Closed vvasuki closed 5 years ago
Sequence of sUtra application
Will have to wait for some time. Currently we have not analyzed extensively the intermediate sUtra applications. We have tested only the final outcome. It is absolutely possible as of now to dump the data, but it may be erroneous. Will wait for a month or so for my partner Shivakumari to look at individual forms step by step. Once we are satisfied regarding the application / non application of the rules, it would be available. Right now I automatically create a copy the HTML generated on the web page on one local file on disk. It would be more readable for a human. For machines, database may be created.
it would be great if the output were in devanAgarI
XML parsing with devanagari tags is an issue. lxml etc don't support parsing Devanagari tags properly.
So as of now I have settled with a CSV file with verbform,verb,lakAra,suffix,verbnumber
format.
e.g. अंसयति,अंस,लट्,तिप्,10.0460
.
Download file (1.6 MB)
http://www.sanskritworld.in/public/sanskrittool/SanskritVerb/generatedforms/verbformsdeva.tar.gz
@vvasuki This is near completion. Please find attached a JSON file. Such file can be created for all verbs, all lakAras.
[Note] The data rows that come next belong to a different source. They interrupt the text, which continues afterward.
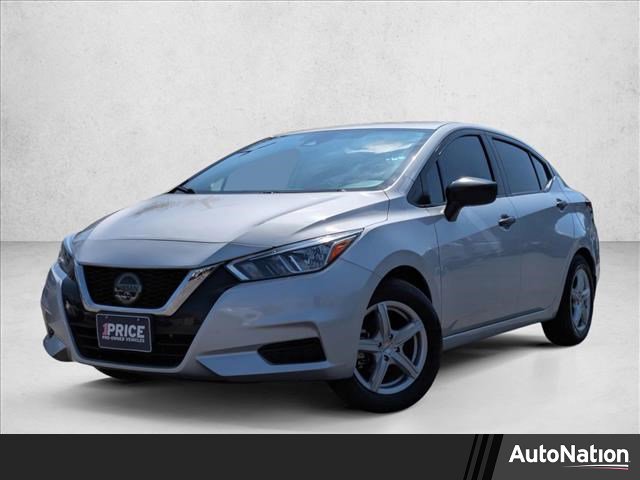 Used 2021 Nissan Versa S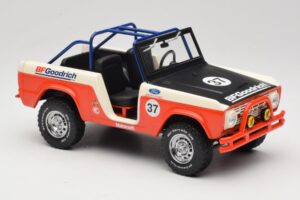 Ford Bronco Baja #37 1966 GreenLight 1:18 19037 Metal - imaginea 4 din 6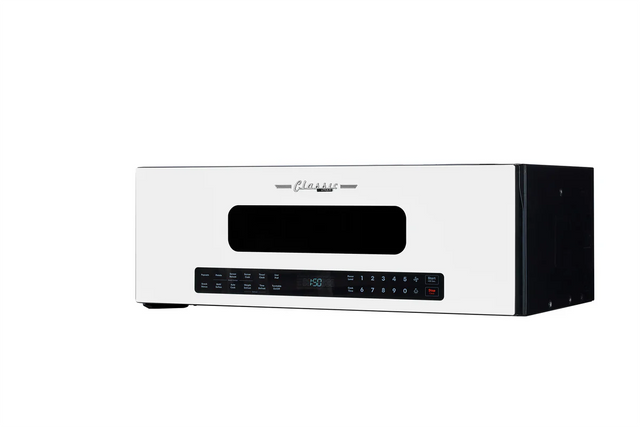 Unique Classic OTR Marshmallow White UNQ-30CR OTR W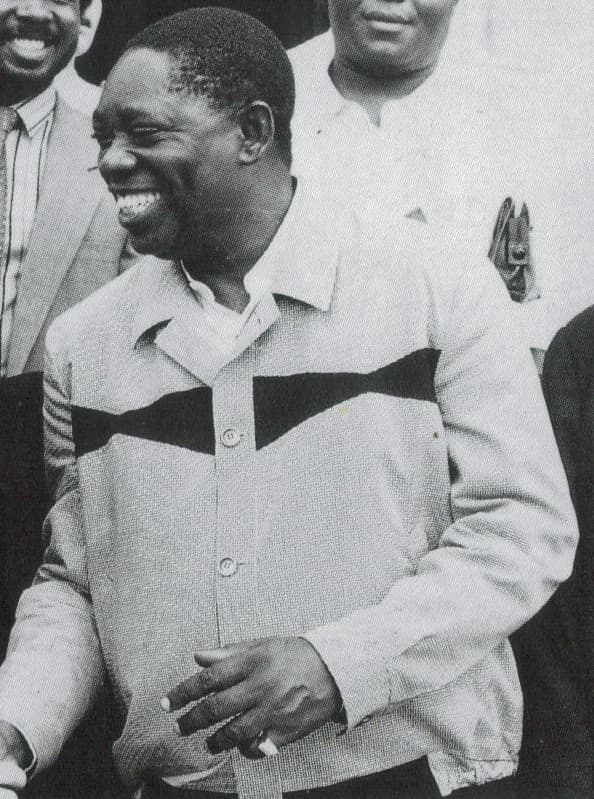 June 12 recognized as Democracy Day — archival photograph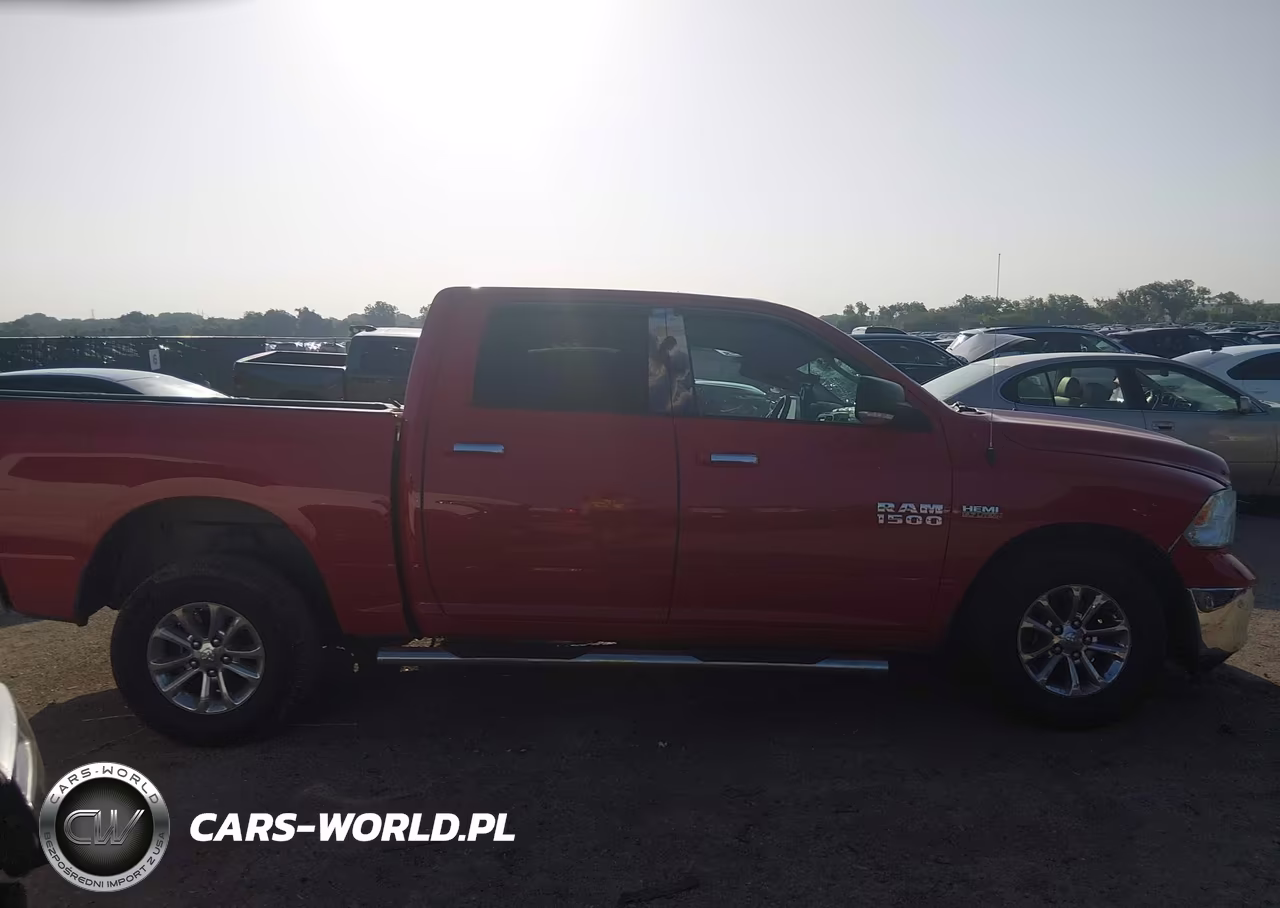 2015 Ram 1500 Lone Star VIN:1C6RR6LT0FS769897 - 13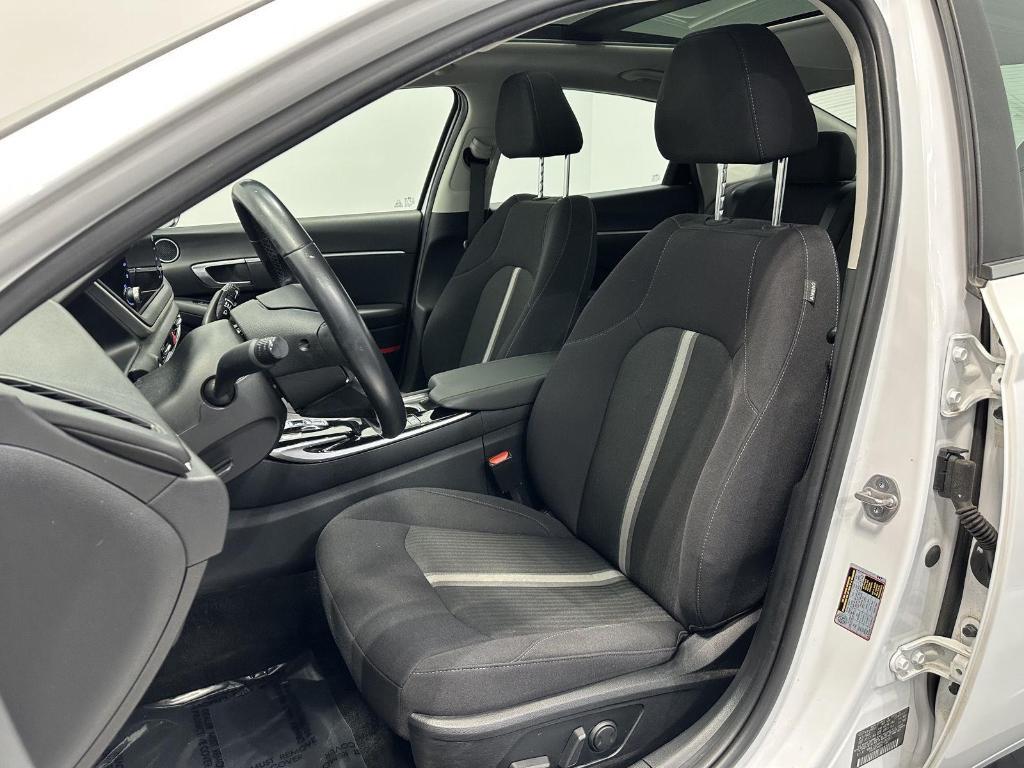 used 2023 Hyundai Sonata car, priced at $20,695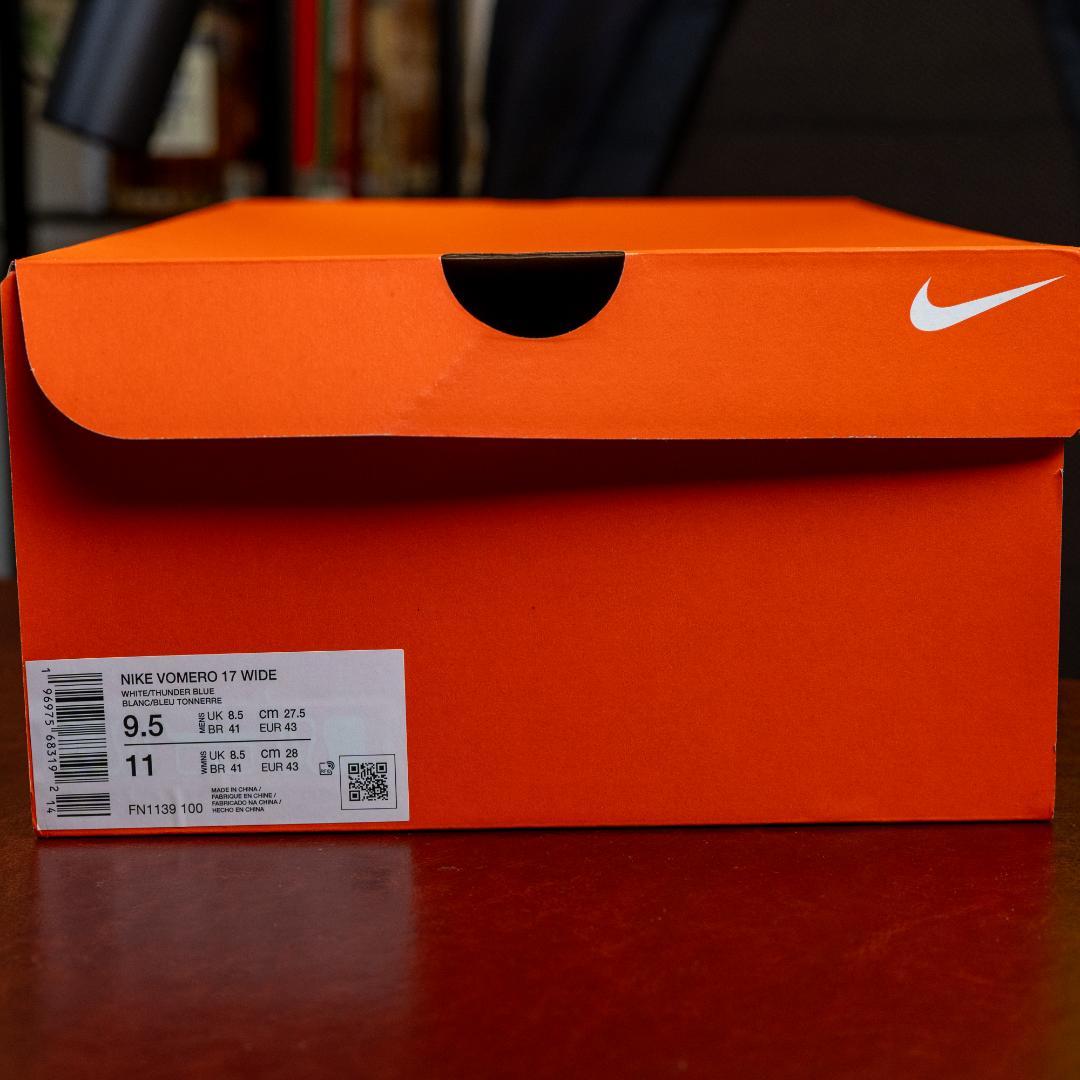 キ*イ様 ナイキ ボメロ 17 Nike Vomero 17 サイズ27.5 W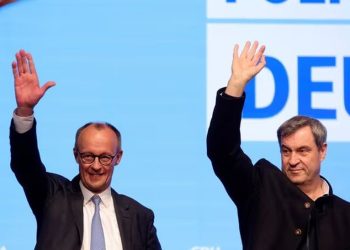Zgjedhjet në Gjermani, konservatorët e CDU/CSU pritet të marrin fitoren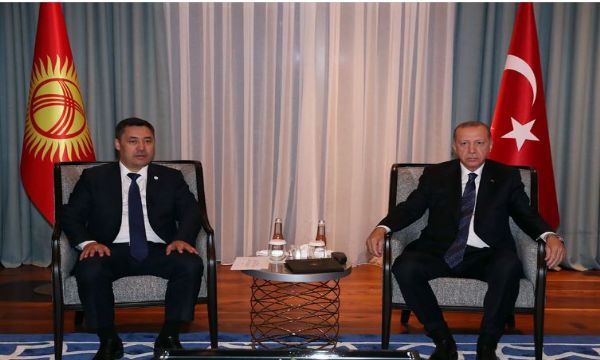 Türk Dünyası gönül gönüle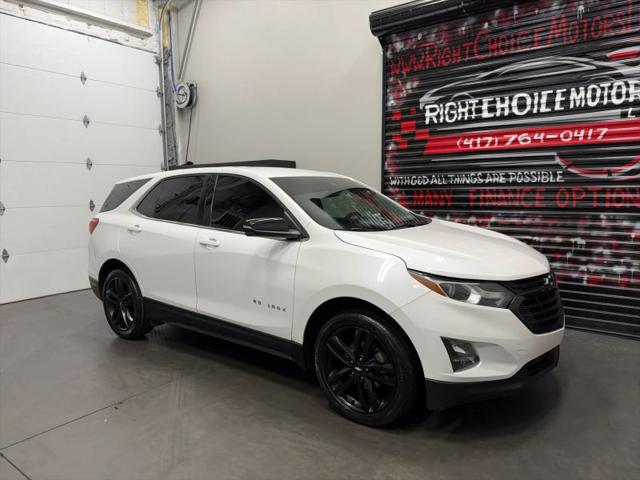 2020 Chevrolet Equinox FWD LT 1.5L Turbo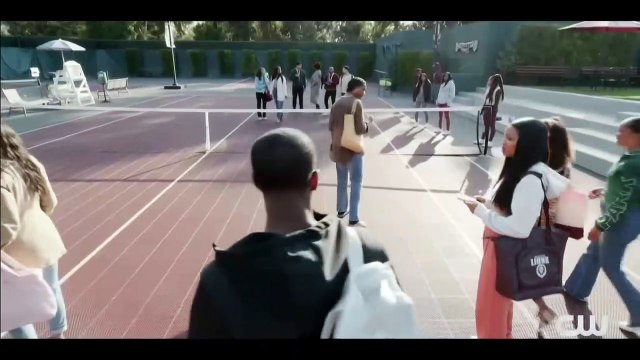 All American Homecoming S02E04 We Shall Not Be Moved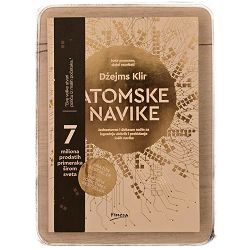 Atomske navike Džejms Klir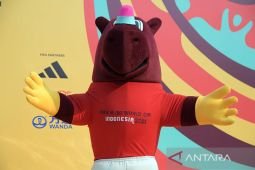 Piala Dunia U-20 Indonesia butuh 1.500 relawan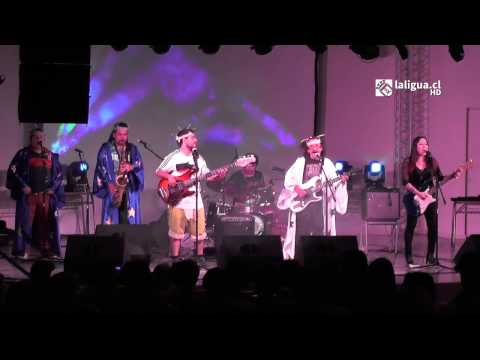 Florcita Motuda - En vivo desde el Centro Cívico de La Ligua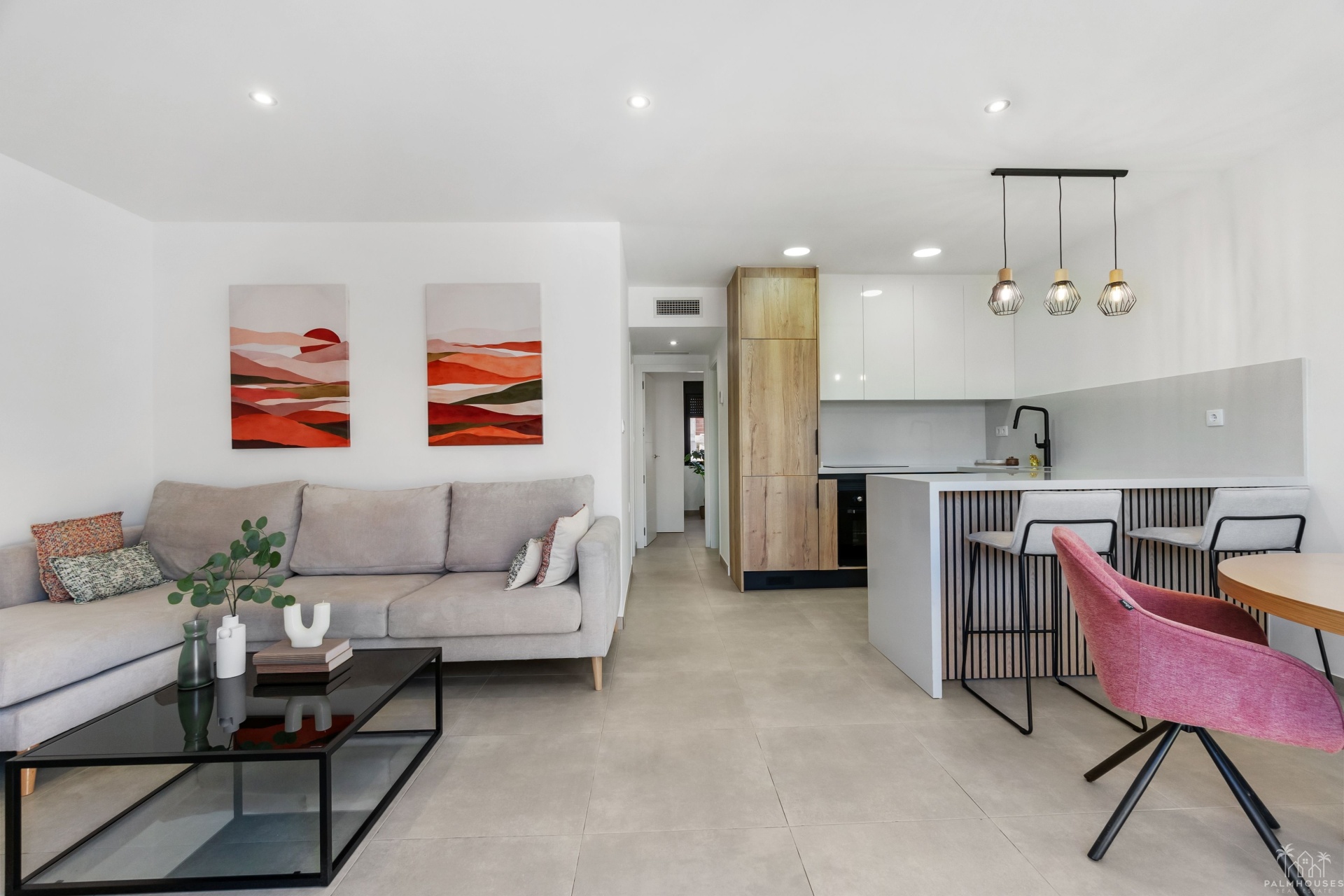 Nouvelle construction - Apartment - Santiago de la Ribera - Santiago De La Ribera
Currently I am planning to create a firefox / chrome plugin with help of @mbykov who maintains morpheus plugin. He wanted to get some JSON file for the step by step generation. I have provided the same to him. Once this plugin gets functional, one can click on any form and get step by step derivation.
That is splendid @drdhaval2785 ! I understand it will be slightly more work, but, for it to be truly useful to end users of offline dictionary programs (on phones and such), it would have to be better formatted - in some simple format like csv or babylon with the first column (key) being the end form, and the second column being the derivation sequence (preferably not just the sUtra numbers, but their text as well); and it would be super if it were in devanAgarI.
Regarding trialjson.txt.
This file would be better human-readable if you generated it with a PRETTY_PRINT option There is such an option both in python and in php when serializing a data structure into json string.
The resulting pretty-printed file will be just as easy for a program to load as a file generated without pretty-printing, and also the programmatic 'reader' does not have to be told whether the file was pretty-printed or not.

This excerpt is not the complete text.